Mémoire interdite, récit impossible et l’intellectuel en procès
La question de la mémoire, et de qui a le droit de la raconter, est centrale chez Kamel Daoud et se trouve exacerbée par sa situation actuelle. Son roman Houris, qui a ravivé les traumatismes de la guerre civile algérienne, a été immédiatement interdit en Algérie, avant même que n’éclate la controverse sur l’inspiration de son personnage principal. L’interdiction d’évoquer publiquement cette période, scellée par la Charte pour la paix et la réconciliation nationale de 2005, fait de toute tentative littéraire une transgression. L’écrivain se heurte alors non seulement à la censure d’État, mais aussi aux sensibilités des victimes et à la complexité éthique de transformer la douleur individuelle en matériau romanesque. L’essai de Daoud, en prônant une “interrogation” perpétuelle et en critiquant ceux qui veulent que la mémoire soit une “maison” plutôt qu’un “chemin“, défend implicitement le droit de l’artiste à explorer ces zones d’ombre.
Cette posture, cependant, l’expose à un double procès. D’un côté, celui intenté par Saâda Arbane, qui soulève la question légitime des limites de l’inspiration et du respect de la vie privée. De l’autre, un procès moral et politique, mené par les instances qui voient en lui un « ennemi de l’intérieur », un agent déstabilisateur du récit national. En déterrant les « cadavres » de l’histoire, en questionnant le rôle de la religion et les fondements de l’identité, Kamel Daoud s’inscrit dans une lignée d’intellectuels dont la parole est jugée blasphématoire ou séditieuse. Le parallèle avec Salman Rushdie, bien que les contextes juridiques et religieux diffèrent, est celui d’un écrivain menacé pour avoir osé toucher aux symboles sacrés. En Algérie même, l’écho de la “fatwa” de 2014, suite à ses critiques sur le rapport des musulmans à leur religion, n’est jamais loin.
La leçon d'insoumission
Il faut parfois trahir n’est donc pas une apologie de la déloyauté, mais un vibrant plaidoyer pour l’autonomie de la pensée et la complexité du réel contre les simplifications idéologiques. C’est un réquisitoire contre l’immobilisme, le silence complice et les identités meurtrières. Sa portée dépasse largement le cas personnel de Kamel Daoud ou le contexte algérien ; il parle à toutes les sociétés confrontées à leurs tabous, à la tentation du repli et à la diabolisation de la critique.
La situation de Boualem Sansal, autre grande voix critique de l’Algérie, emprisonné depuis novembre 2024 sous des prétextes sécuritaires qui masquent mal une volonté de le réduire au silence, offre un contrepoint tragique.
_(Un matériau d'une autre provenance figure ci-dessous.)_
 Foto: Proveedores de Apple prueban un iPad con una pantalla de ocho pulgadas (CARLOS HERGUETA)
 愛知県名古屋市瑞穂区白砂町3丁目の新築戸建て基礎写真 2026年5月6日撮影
Si les deux écrivains partagent un courage intellectuel face à un régime autoritaire et une même acuité à disséquer les maux de leur société, leurs cas illustrent des facettes distinctes de la répression. Boualem Sansal incarne la figure de l’opposant que l’on tente de briser par l’incarcération directe. Kamel Daoud, lui, est la cible d’une offensive plus insidieuse, multiforme : les vestiges d’une fatwa, la censure d’État, l’instrumentalisation judiciaire d’une plainte privée, et finalement des mandats d’arrêt qui cherchent à le criminaliser au regard du droit commun. Il est crucial de ne pas amalgamer ces deux destins, car cela reviendrait à ignorer la diversité des stratégies de neutralisation des voix dissidentes. Lier leurs situations simplifierait abusivement la complexité des menaces pesant sur la liberté d’expression, qui ne se résume pas à l’affrontement binaire entre l’écrivain et l’État, mais s’insinue aussi dans les replis éthiques du processus créatif, dans les blessures mémorielles et les fractures sociales que les pouvoirs en place savent exploiter.
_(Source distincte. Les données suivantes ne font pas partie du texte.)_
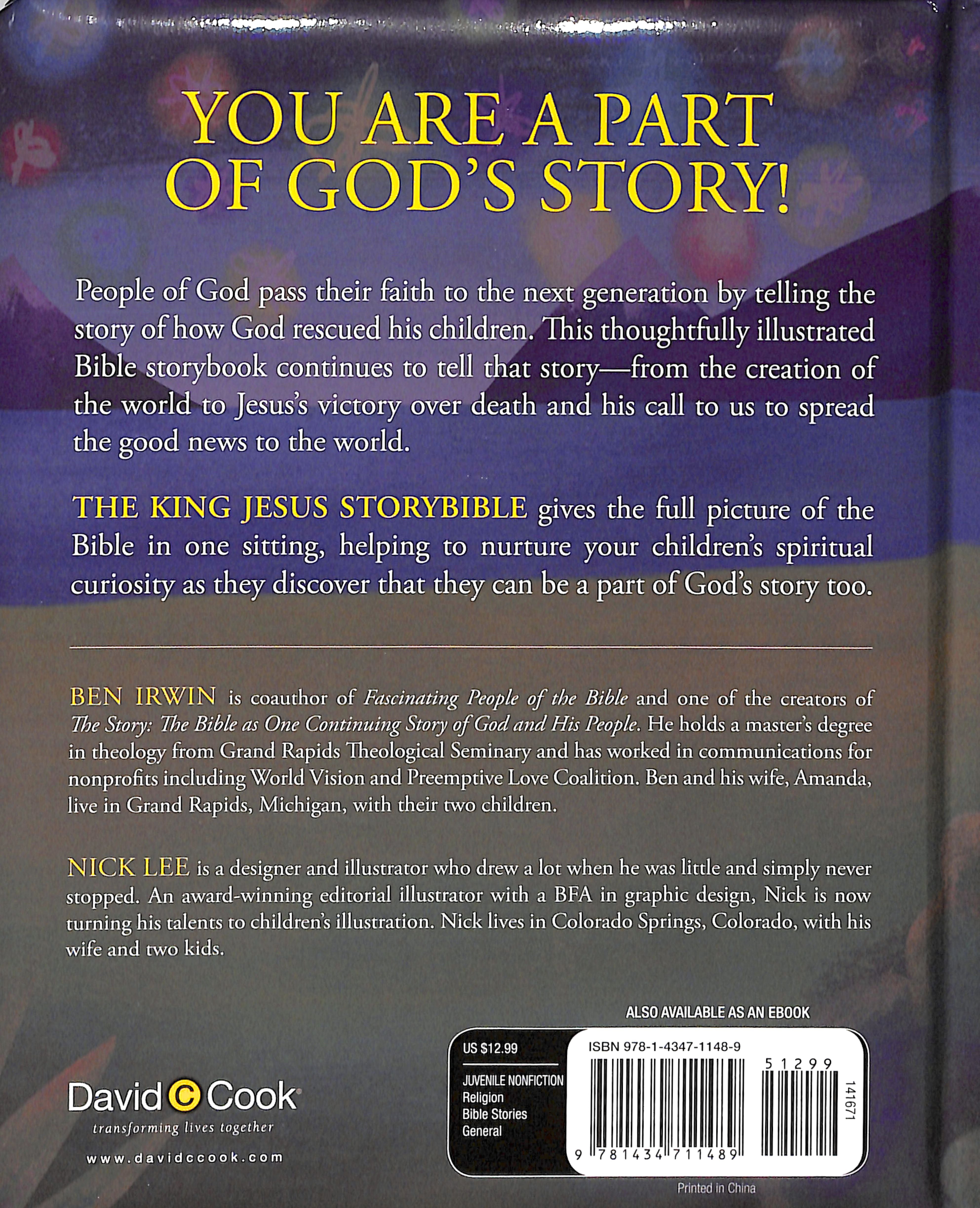 The King Jesus Storybible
L’essai de Kamel Daoud, éclairé par sa propre odyssée judiciaire, se lit comme un manuel de survie intellectuelle et morale. Il nous rappelle que la liberté d’expression n’est jamais un acquis, mais une conquête permanente, et que la littérature, lorsqu’elle ose “trahir” les conforts et les conformismes, devient un acte de résistance fondamental. C’est là sa grandeur et, inévitablement, sa vulnérabilité.